Schon mehrfach hat Christian Rebstein ins Rathaus eingeladen, um seine Fotos aus vielen Ländern im Rahmen einer Ausstellung oder in einem Mutivisions-Vortrag zu präsentieren. Im Sommer 2018 hat er ein neues Hobby für sich entdeckt: Luftaufnahmen. Seither sieht er den Bodensee und seinen Heimatort Immenstaad auch öfter aus der Vogelperspektive.

Das könnte Sie auch interessieren

Diesen ungewöhnlichen Blick auf die Region ermöglicht er am Freitag, 22. März, den Mitgliedern des Heimatvereins. Bei der Hauptversammlung zeigt er seinen rund 15-minütigen Film "Über den Dächern von Immenstaad". Am Donnerstag, 28. März, präsentiert Rebstein ab 19 Uhr allen Interessierten seinen etwa 45-minütigen Film "Entlang des deutschen Bodenseeufers" im Bürgersaal. Der Eintritt kostet 5 Euro.

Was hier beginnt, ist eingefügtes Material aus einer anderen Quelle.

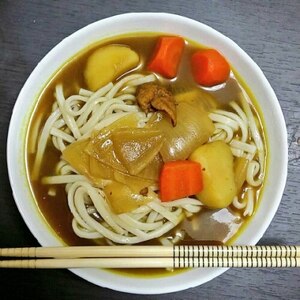 残り物のカレーで☆カレーうどん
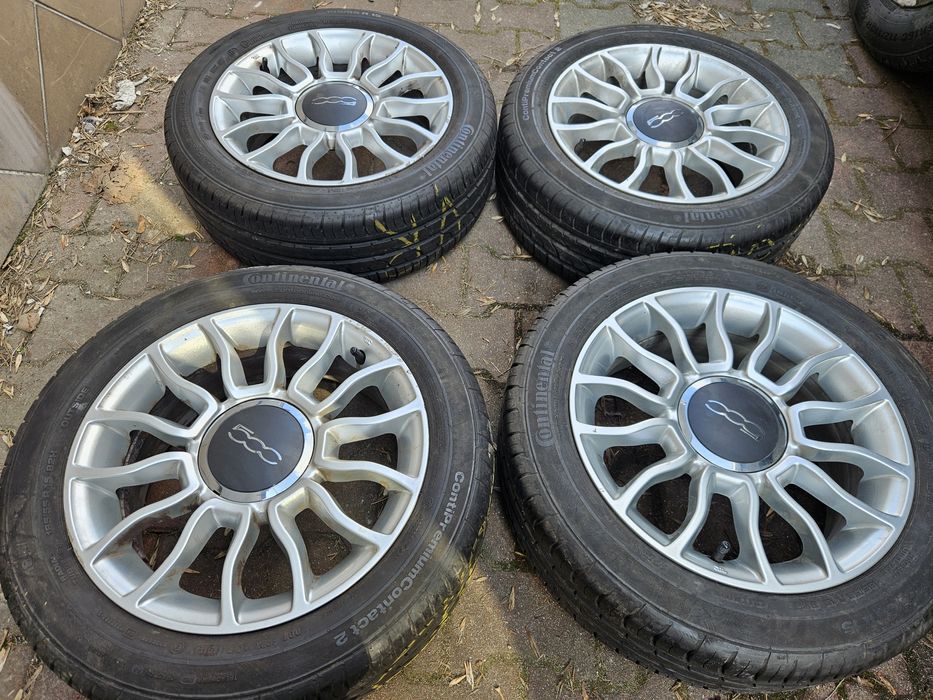 Oryginalne Felgi Aluminiowe 15" Fiat 500 4x98 Et35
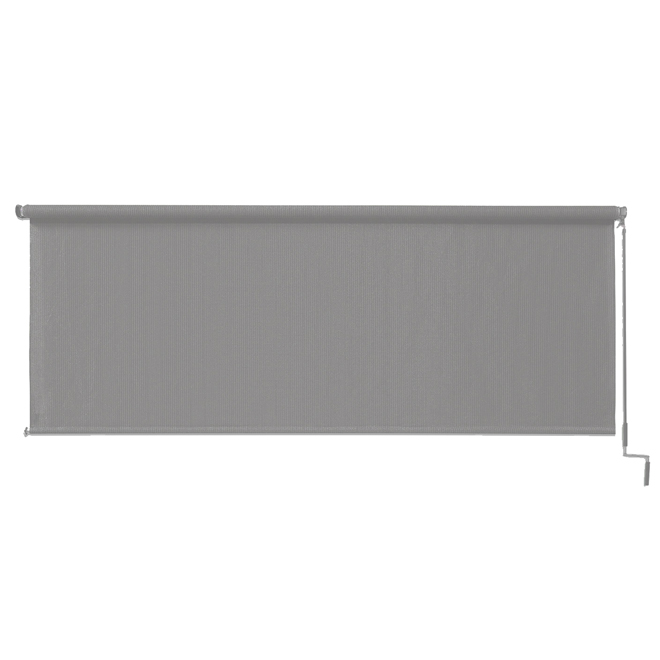 Store à manivelle Coolaroo gris filtrant la lumière sans cordon intérieur/extérieur 96 po x 120 po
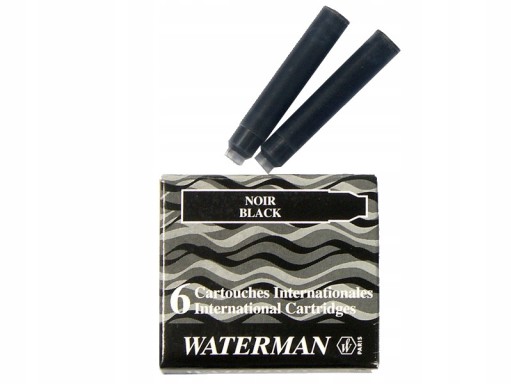 NÁPLŇKY PER WATERMAN 6 KS, SILNÁ ČIERNA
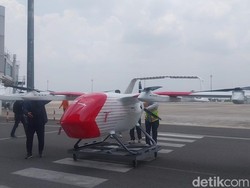 Pesawat Tanpa Awak DF-L100 Sukses Uji Coba di Bandara Kertajati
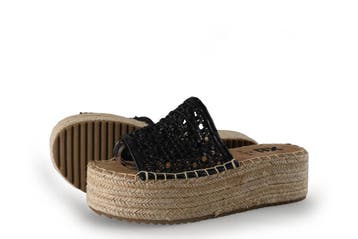 Xti Sandalen in maat 38 Zwart, Zwart, Sandalen of Muiltjes, Zo goed als nieuw, Xti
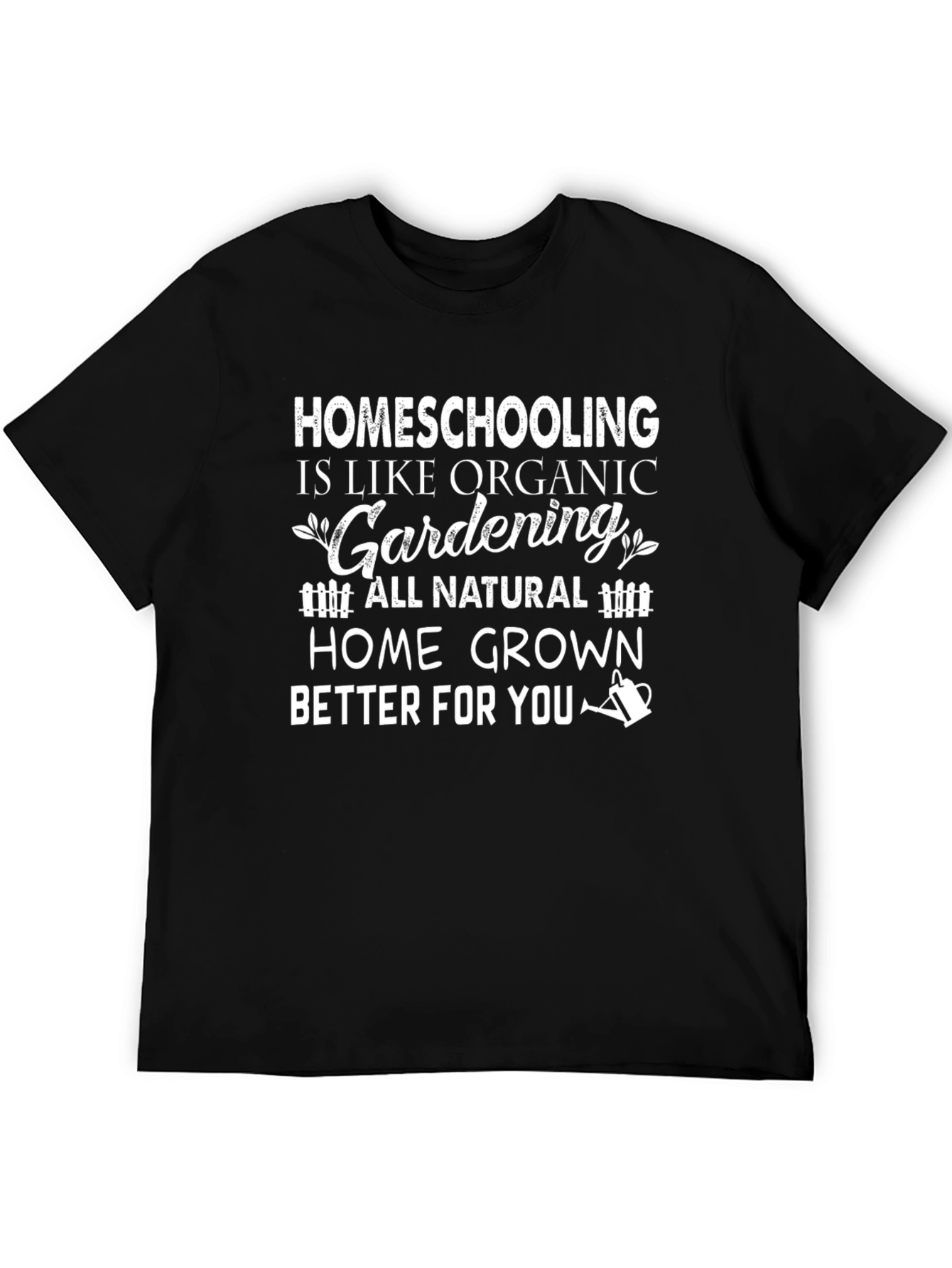 Homeschooling Organic Gardening T-Shirt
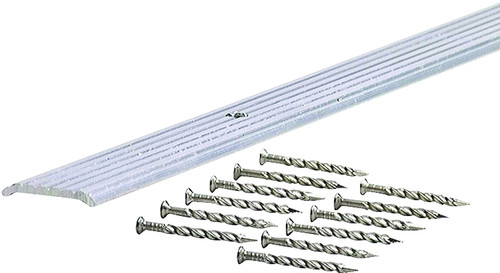 M-D 78048 Seam Binder, 36 in L, 3/4 in W, Fluted Surface, Aluminum, Mill/Silver [SKU: ORG4774212]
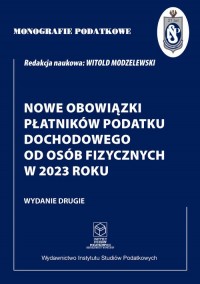 Nowe obowiązki płatników podatku - okładka książki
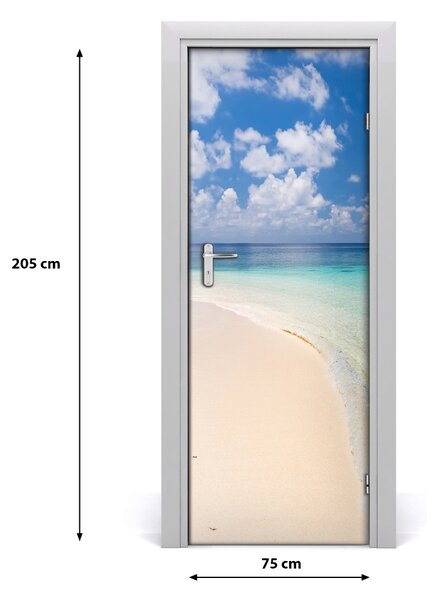 Fototapeta na dvere samolepiace pláš Maledivy 75x205 cm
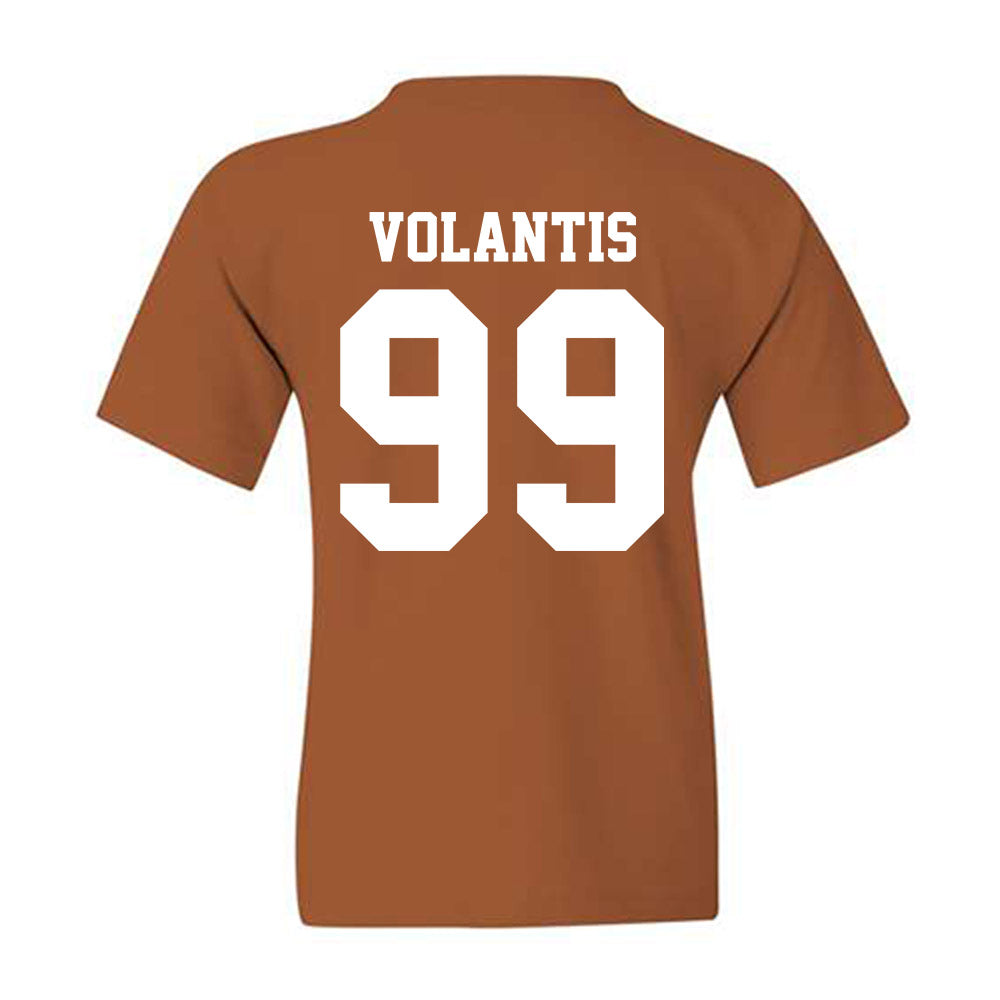 Texas - NCAA Baseball : Dylan Volantis - NCAA® Replica Shersey Youth T-Shirt-1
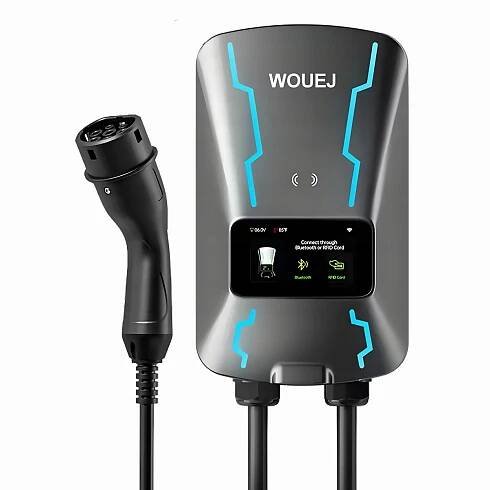 Nabíječka EV Wallbox WOUEJ W3 WiFi 7kW 32A držák Smart APP Typ 2 RCD RFID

40 Stunden und 345 Einzelflüge

Gedreht hat Christian Rebstein die Filme mithilfe einer weniger als zwei Kilogramm leichten Drohne, an der eine kleine Kamera fest verbaut ist. Beim Treffen mit dem SÜDKURIER zeigt er auf dem Hohberg, wie sie funktioniert und lässt die Drohne abheben. "Ich hatte zunächst Zweifel, ob die Kamera die gewünschte Qualität liefert", sagt Rebstein. Die Zweifel hätten sich sehr schnell zerstreut: Die Kamera liefere eine sehr hohe Auflösung und mache fast keine verwackelten Bilder, weil sie sich selbst in der Luft austariere. Fast 40 Stunden war die Kamera schon in der Luft, auf 345 Einzelflügen.

Video: Christian Rebland

Drohne fliegt meist in 30 Metern Höhe

"Bei manchen löst das Wort Drohne ein beängstigendes Gefühl aus. Sie bringen den Begriff mit Überwachung und Spionage in Verbindung", sagt Rebstein.

Video: Christian Rebland

Dazu sei sein Quadrokopter aber ungeeignet, denn die Kamera habe ein Weitwinkelobjektiv, das für Landschaftsaufnahmen gemacht ist: "Wenn man damit einen Menschen identifizierbar aufnehmen will, muss man sich auf mindestens acht Meter nähern – und das hört sich an, als ob ein Hornissenschwarm angreift." Schon deshalb lasse er die Drohne meistens in 30 Metern Höhe fliegen.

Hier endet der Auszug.